The animation of Dr. Victor Frankenstein’s monster is a symbol of undeclared abhor toward the opposite female sex. Mellor in her critique of the novel describes how the feminine hold of natural reproduction is taken and portrayed in Dr. Frankenstein’s nightmare. She writes: “The natural mode of human reproduction symbolically erupts in his nightmare following the animation of his creature, in which his bride-to-be is transformed in his arms into the corpse of his dead mother” (274). Mellor adds that Dr. Frankenstein did not only take reproduction away from women, but that his intentions are to create other men that are created by men. He refuses to create a female version of his creature.
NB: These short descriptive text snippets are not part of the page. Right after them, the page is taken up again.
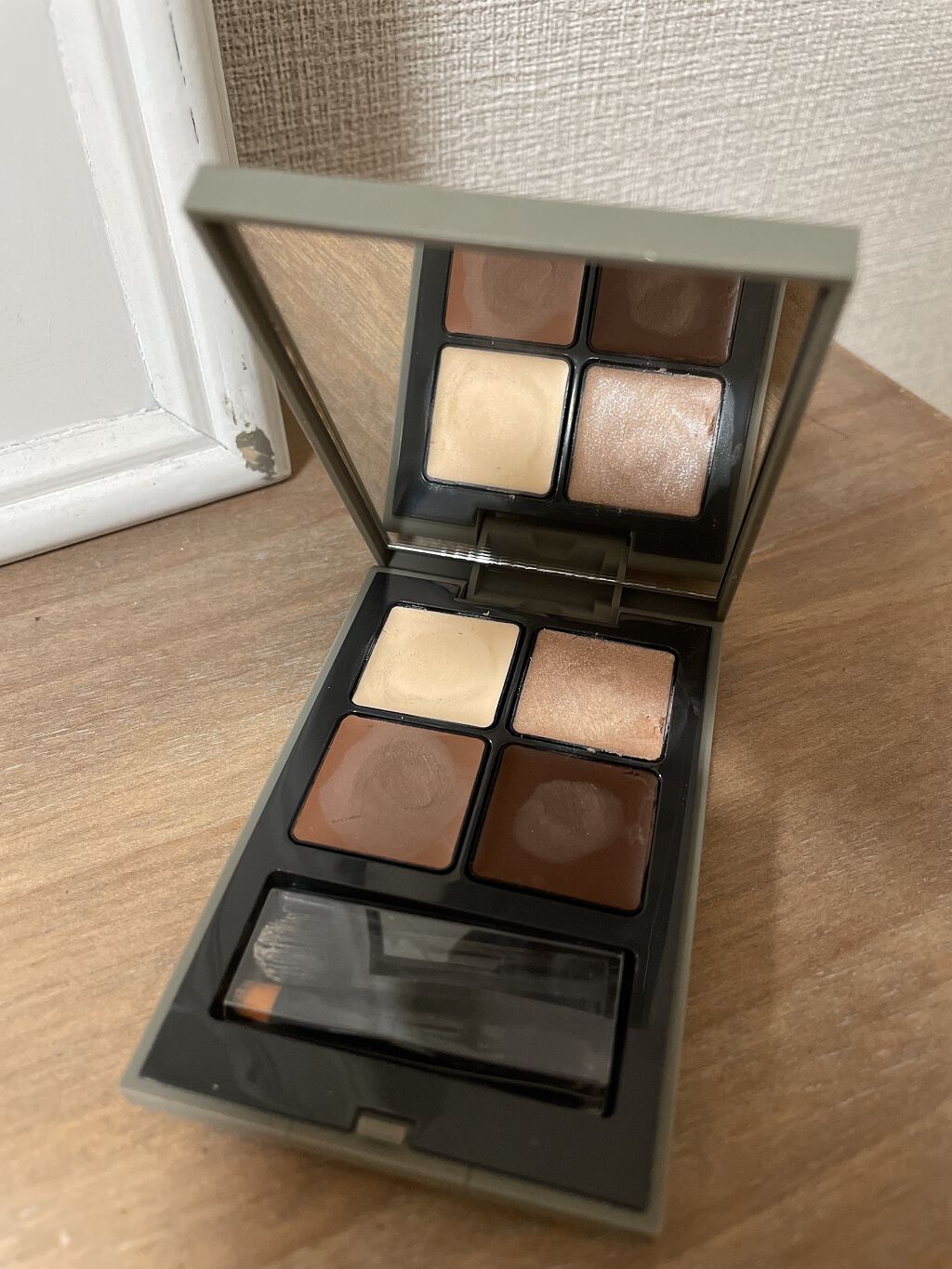 アイディメンショナルクアッドパレット/THREE/ジェル・クリームアイシャドウを使ったクチコミ(1枚目)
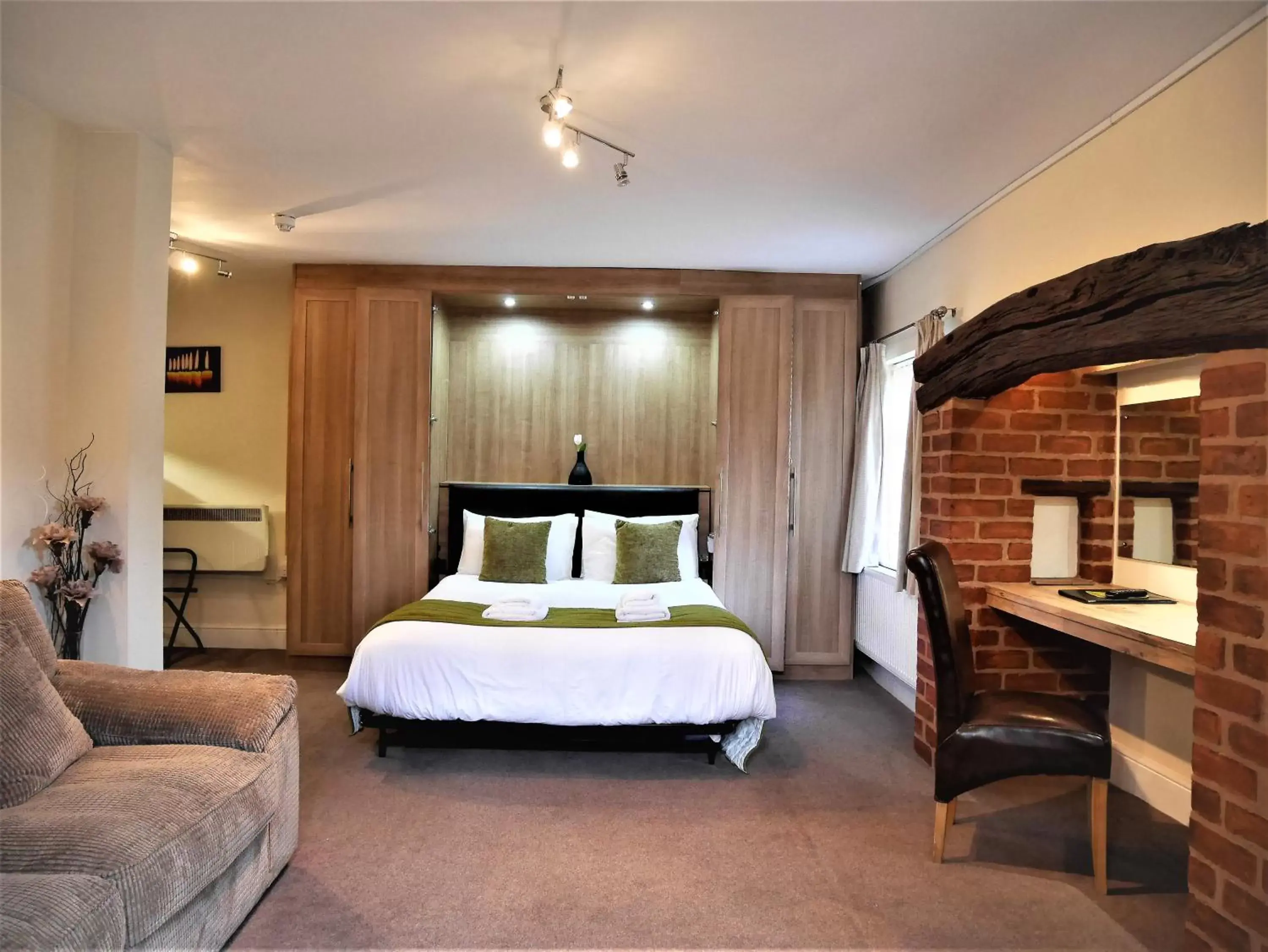 Bedroom, Bed in The Limes Country Lodge Hotel & Admiral Restaurant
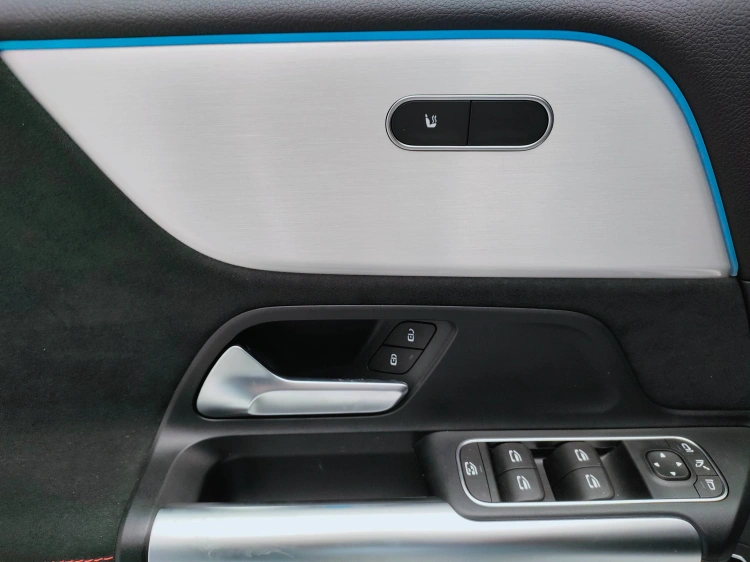 13 - Mercedes-Benz Classe B 180 d AMG Line Advanced Plus auto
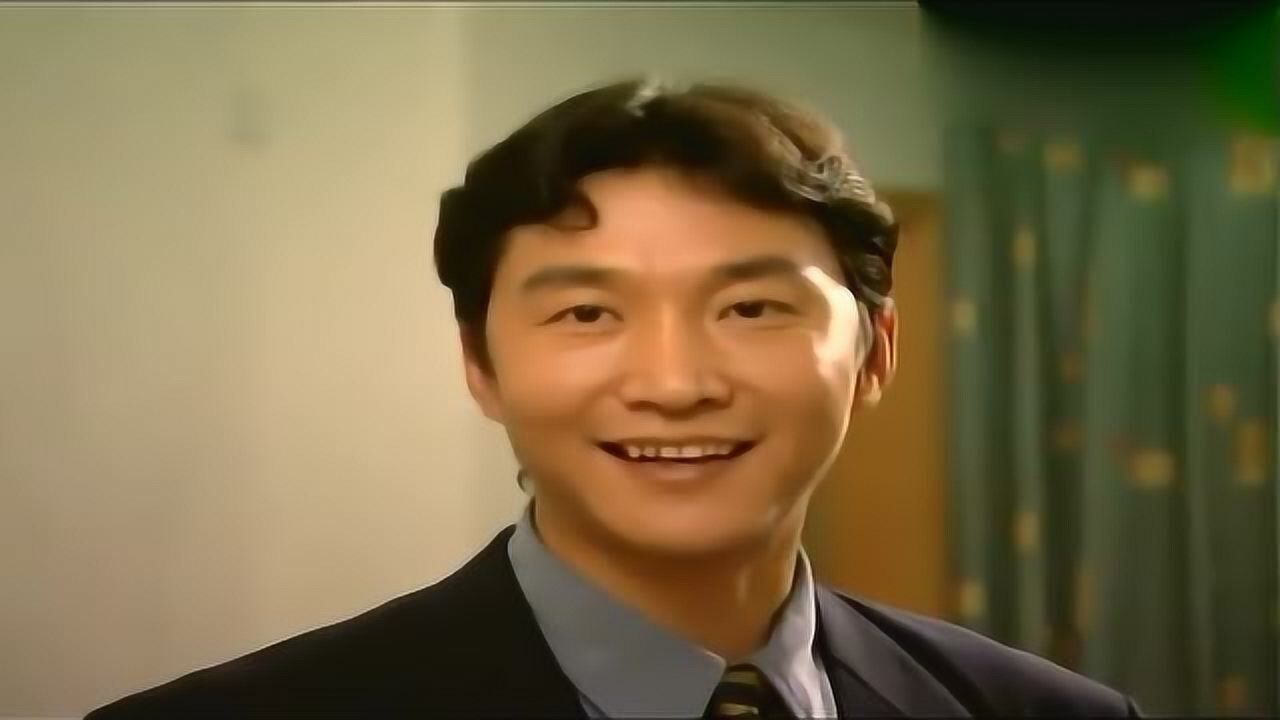 张世豪在母亲面前真乖,虽是粗茶淡饭,依然吃的很香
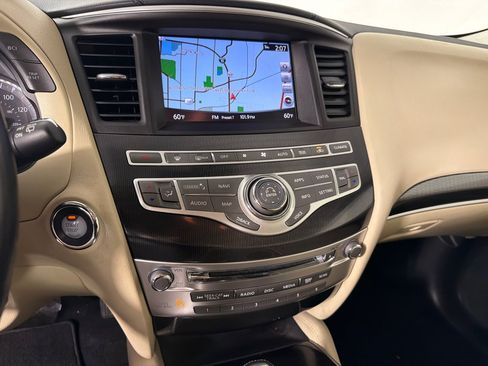 Used 2017 INFINITI QX60 Luxe w/ Premium Plus Package AWD/4WD image 16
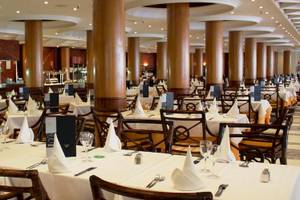 Innenbereich des Princess Inspire Tenerife Hotels mit vielen gedecketen Tischen und Stühlen.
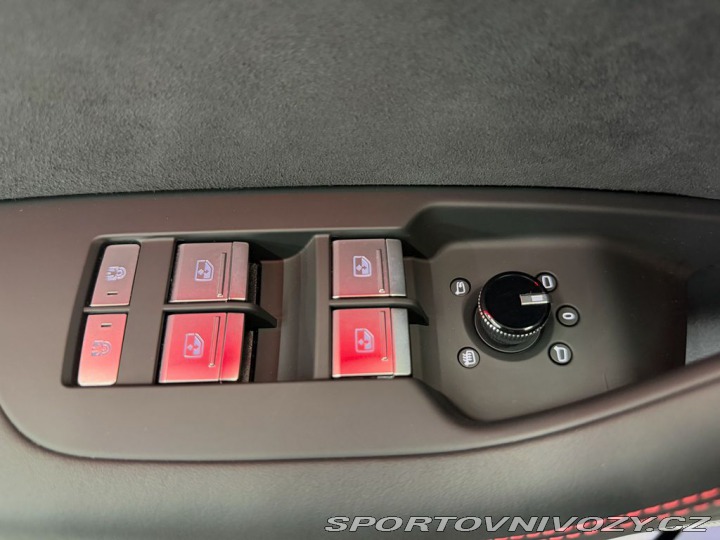 Audi RS6 PERFORMANCE, AKRAPOVIČ, N 2025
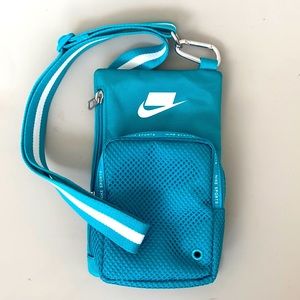 NWOT NIKE Cross Body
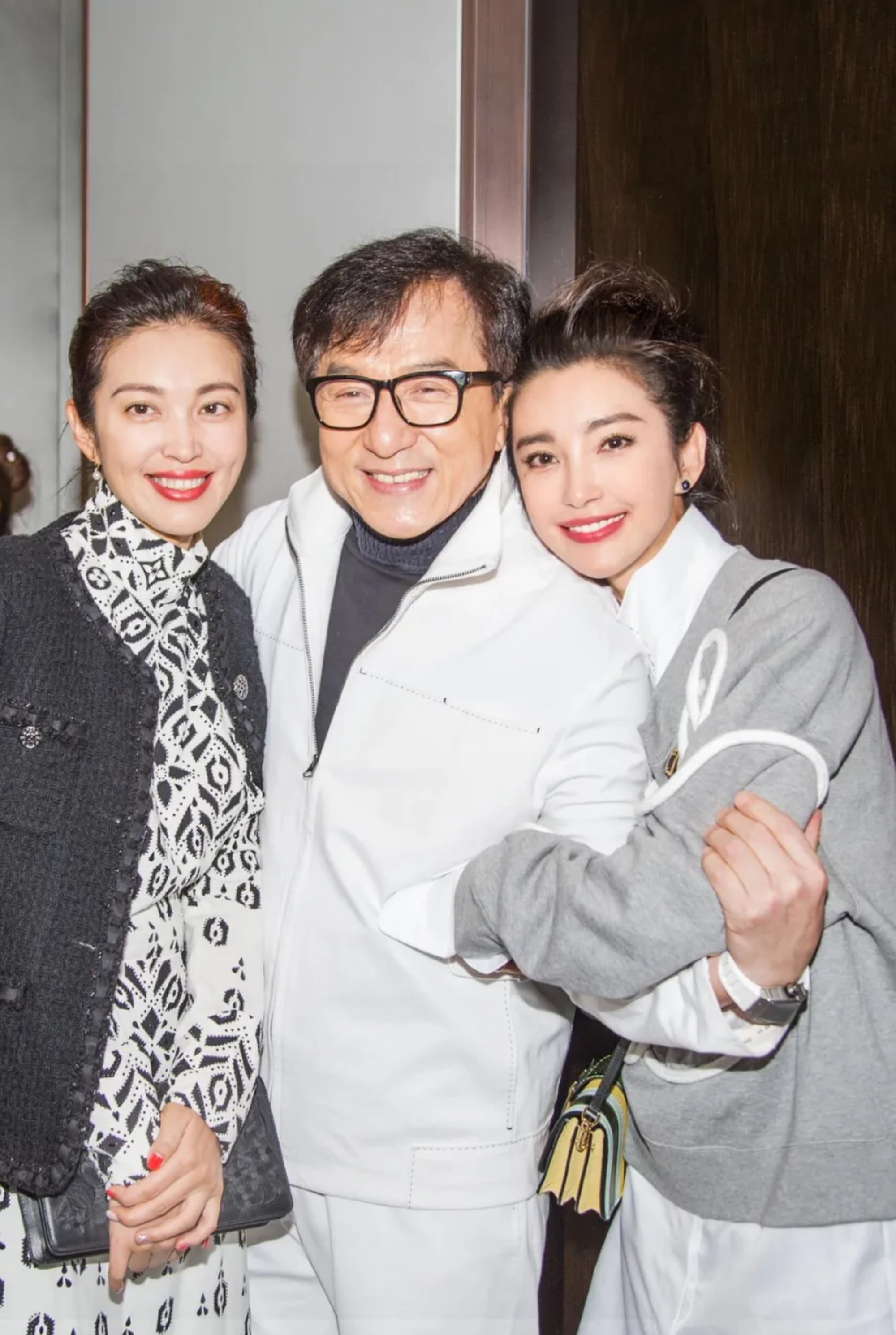 The photo captures both sisters sharing a memorable moment with superstar Jackie Chan. Photo: QQ.com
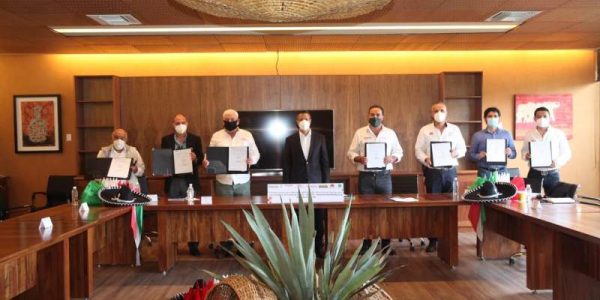impulsa-gobierno-de-oaxaca-mecanizacion-del-campo-para-mejorar-la-productividad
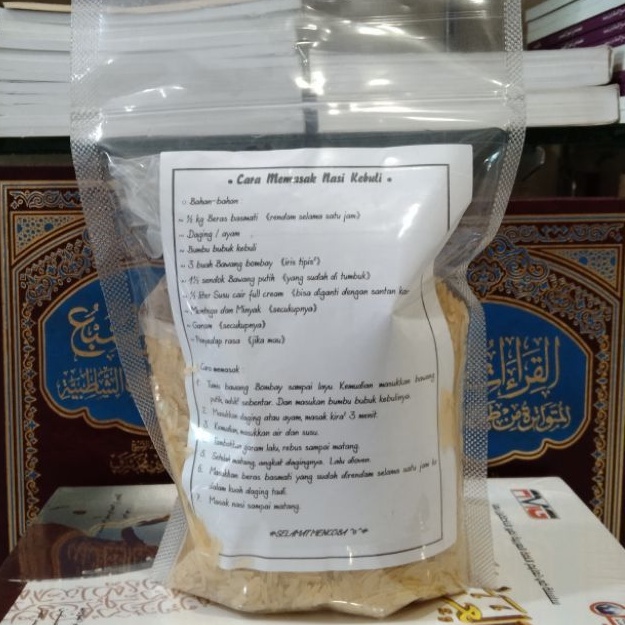

paket nasi kebuli 1/2kg plus bumbu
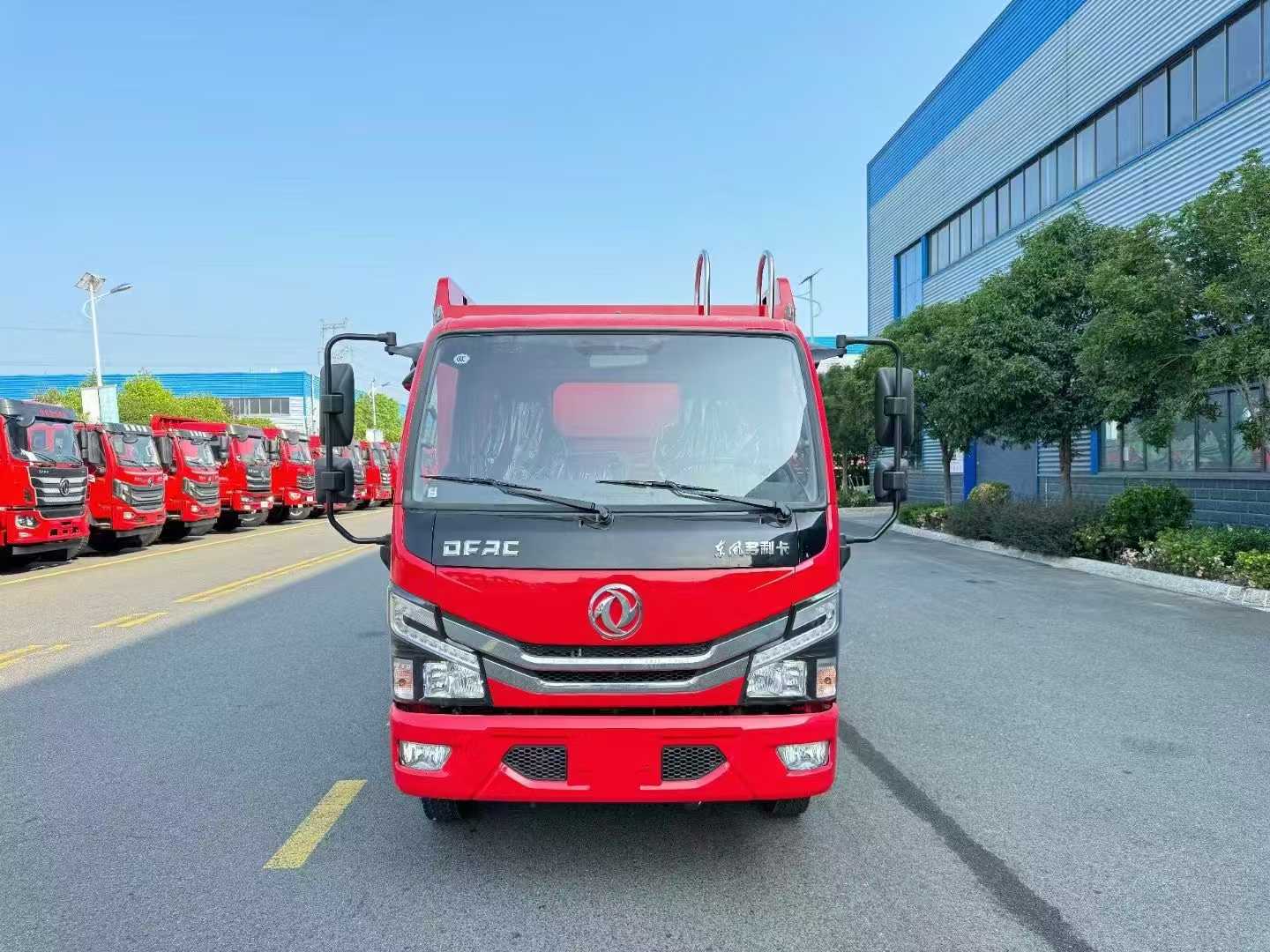 東風(fēng)多利卡高端裝備運(yùn)輸車圖片2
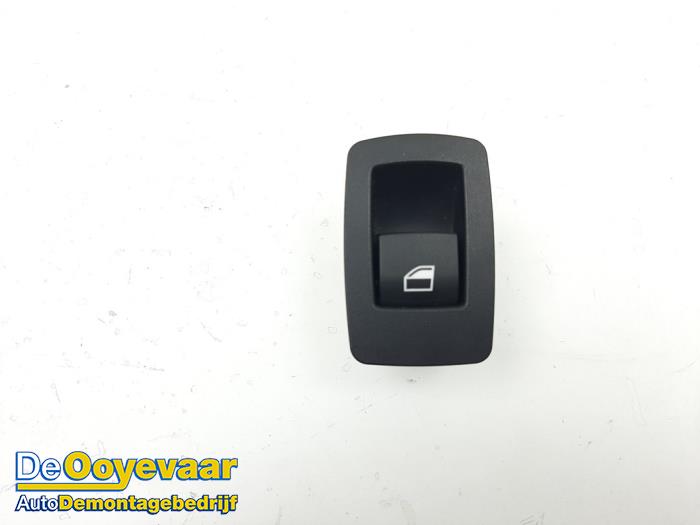Electric window switch from a BMW 3 serie Touring (F31) 320d 2.0 16V EfficientDynamicsEdition 2013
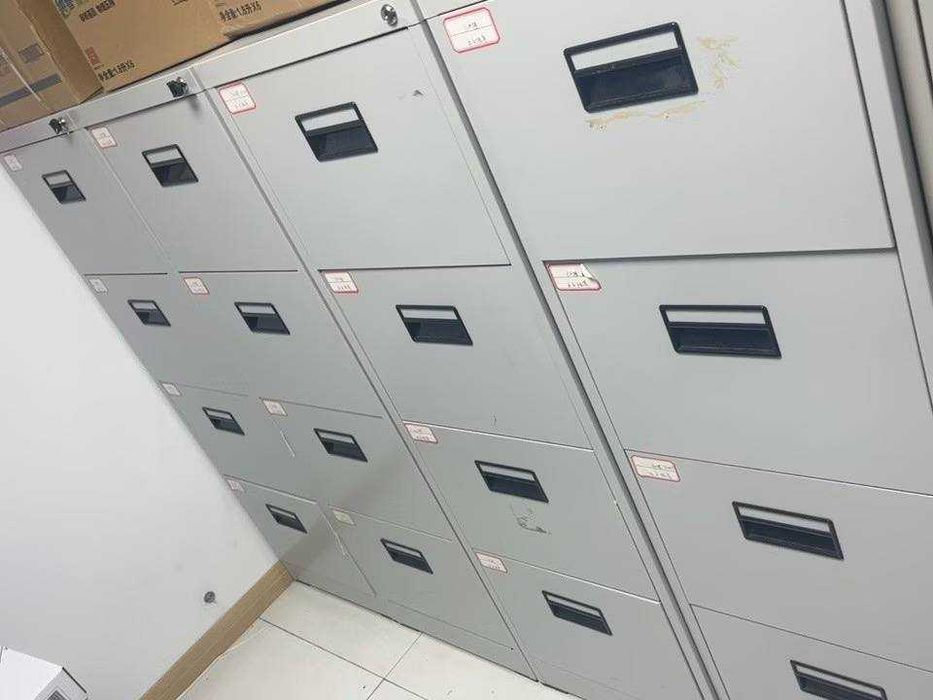 Шкаф с выдвижными ящиками | Ofis kartotekasi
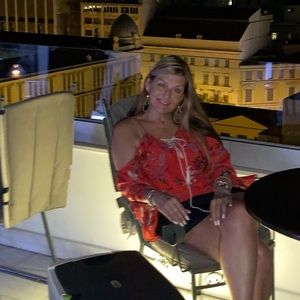 Meet your Posher, Jeanine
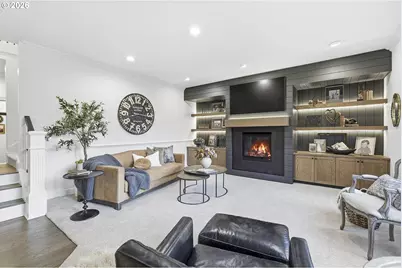 2863 Olympic St, Woodburn, OR 97071 - Photo 9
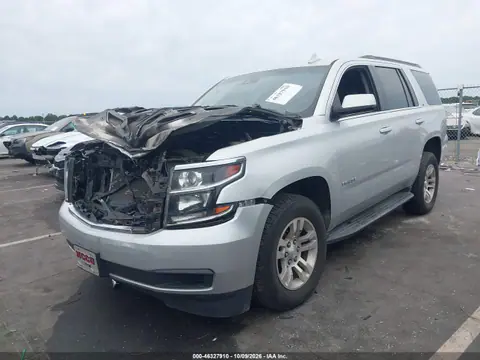 2018 Chevrolet Tahoe Lt VIN 1GNSCBKC0JR103667 фото 2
He strives to build a society limited to the male sex. It is not only rage that Victor feels toward other females, but his character is also full of fear and mistrust of “the feminine”. Women are not considered by the central figure of the novel. Frankenstein’s nightmare clearly demonstrates that he fears or is threatened by the female sex, therefore his mind must destroy it while at the same time giving strength to his sex. His fear is derived from a fear of dependency of other females. His narrative implies that he wishes to mute other women from having their own independent arguments or desires that might run counter to his own. Frankenstein fears that if he creates an ugly female creature that the male monster might refuse to mate. Mellor writes about Frankenstein’s fears in the following: “He is afraid of an independent female will, afraid that his female creature will have desires and opinions that cannot be controlled by his male creature” (279). The scientist fails to take into account the perspective of a female creature reacting unfavorably to the hideous sight of the male monster. Shelley uses Frankenstein’s fears as a way to demonstrate a double standard in her own society. She expands on this misogynistic world view as females are almost regarded as pets where they are not allowed to travel with men or be expected to be able to complete similar occupational tasks, especially in those in the scientific field. The singular advantage of being able to procreate is abducted by Frankenstein while reducing female reproductive power. Shelley puts a mirror in front of her readers to examine how their own gender views might have been influenced by external societal influences.
Frankenstein deems himself as a God with the power to separate the natural roles of both males and females. As with all human beings he was born from another female, but wishes to disturb this natural order. Frankenstein hold many double standards in his arguments for both creating and destroying the creature he creates. On such fear is that a female creature could potentially raise an entire race of similar creatures. He goes one step further in that he fears that a female creature could more sadistic or evil than the male version. Most of the female characters in Shelley’s novel are maids or nurses instead of doctors or other professionals. Shelley through Frankenstein’s narrative coupled with the absence of occupationally strong female characters paints a picture of male dominance in a clear and engaging way with the reader. Additionally, the love interest of Dr. Frankenstein named Elizabeth is also intentionally treated as possession in order to drive this point. Shelley effectively writes about a man that is undone by his own fear and desires, many of which run counter to a feminine perspective of life and gender roles. Her criticisms are still as much relevant today as they were in the early 19th century when she completed the novel.